You can play around with the imagery to see what is most helpful to help you step back from your thoughts and notice the act of your thinking. Once you have visualised the river a few times, it can be useful to have a "shortcut" to it when you notice you are fused: Ask yourself, “Am I in the river right now” or “Have I fallen in the river?” Once you have noticed you are in the river, ask yourself, “How can I get myself out? What is going to help me step back from my thoughts?”

3. I am having the thought that...

A simple defusion technique that helps you notice the act of thinking is to simply say to yourself, “I am having the thought that….” Try this exercise:

  • Pick one of the difficult thoughts that tends to show up for you on a fairly regular basis.
  • Spend a moment or two getting really fused and caught up in that thought; say it over and over again to yourself.
  • Now say to yourself, “I am having the thought that….[insert your thought].” Repeat this a few times.
  • Now say to yourself “I notice I am having the thought that…[insert your thought].”

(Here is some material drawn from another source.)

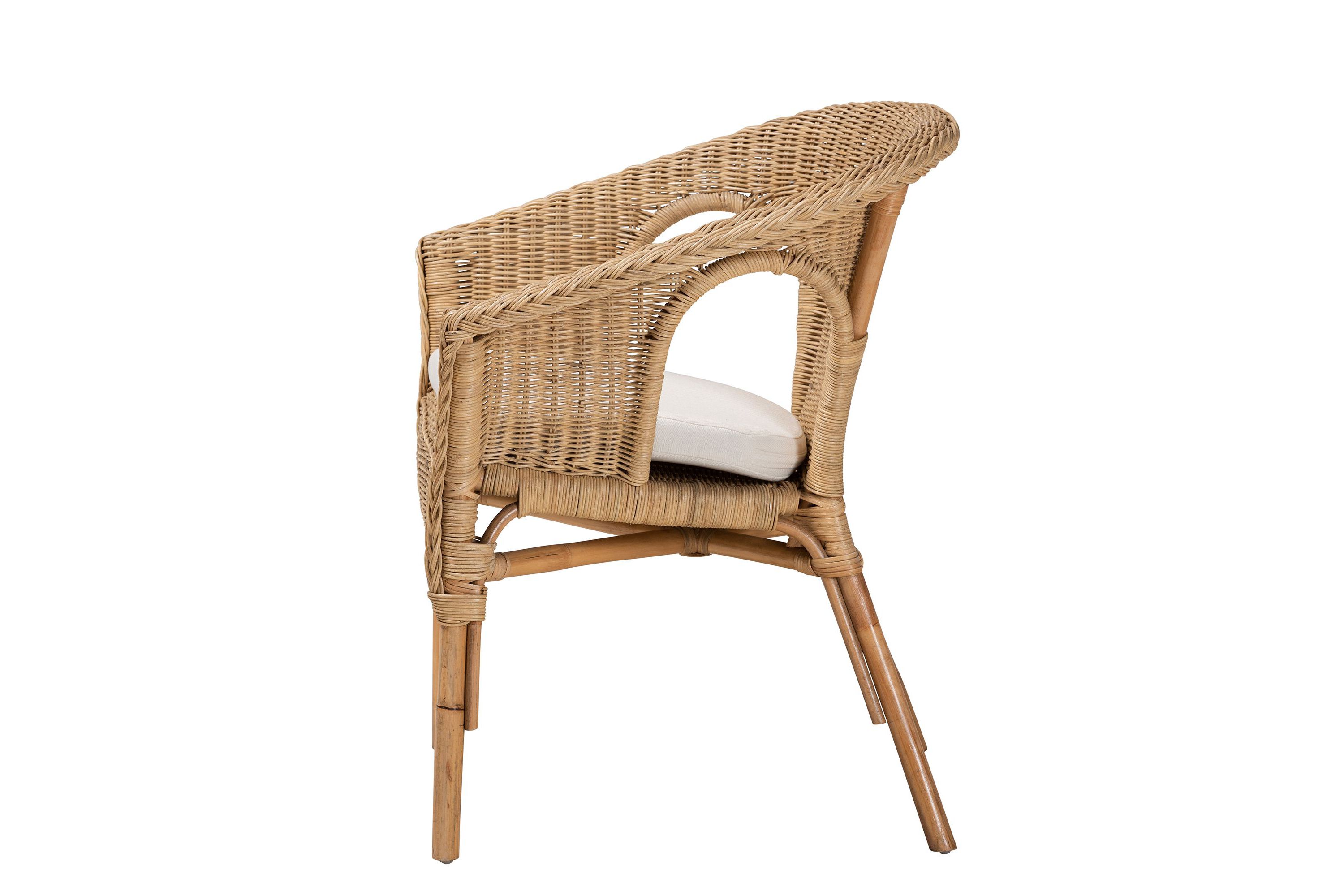 Abbey Modern Bohemian Natural Brown Antique Rattan Dining Chairs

What did you notice during the exercise? Usually, people report that when they started to notice they were having the thought, it took the power out of it, made it seem smaller somehow, and less loud in their minds. This, in turn, can help reduce anxiety.

Takeaways

  • Being less fused and more aware of the process of your thinking can help you manage difficult thoughts more effectively.
  • We have outlined a few strategies in this article that, with practise, can help to reduce the hold that difficult thoughts can have on you.
  • Once your thoughts have less influence on your behaviour, you can then start to choose how you want to behave/what actions you want to take, in line with your values or what’s really important to you, which, in turn, can have a positive impact on your mood and well-being.

References

Wells, A. (2009). Metacognitive Therapy for Anxiety and Depression. New York: Guildford Press.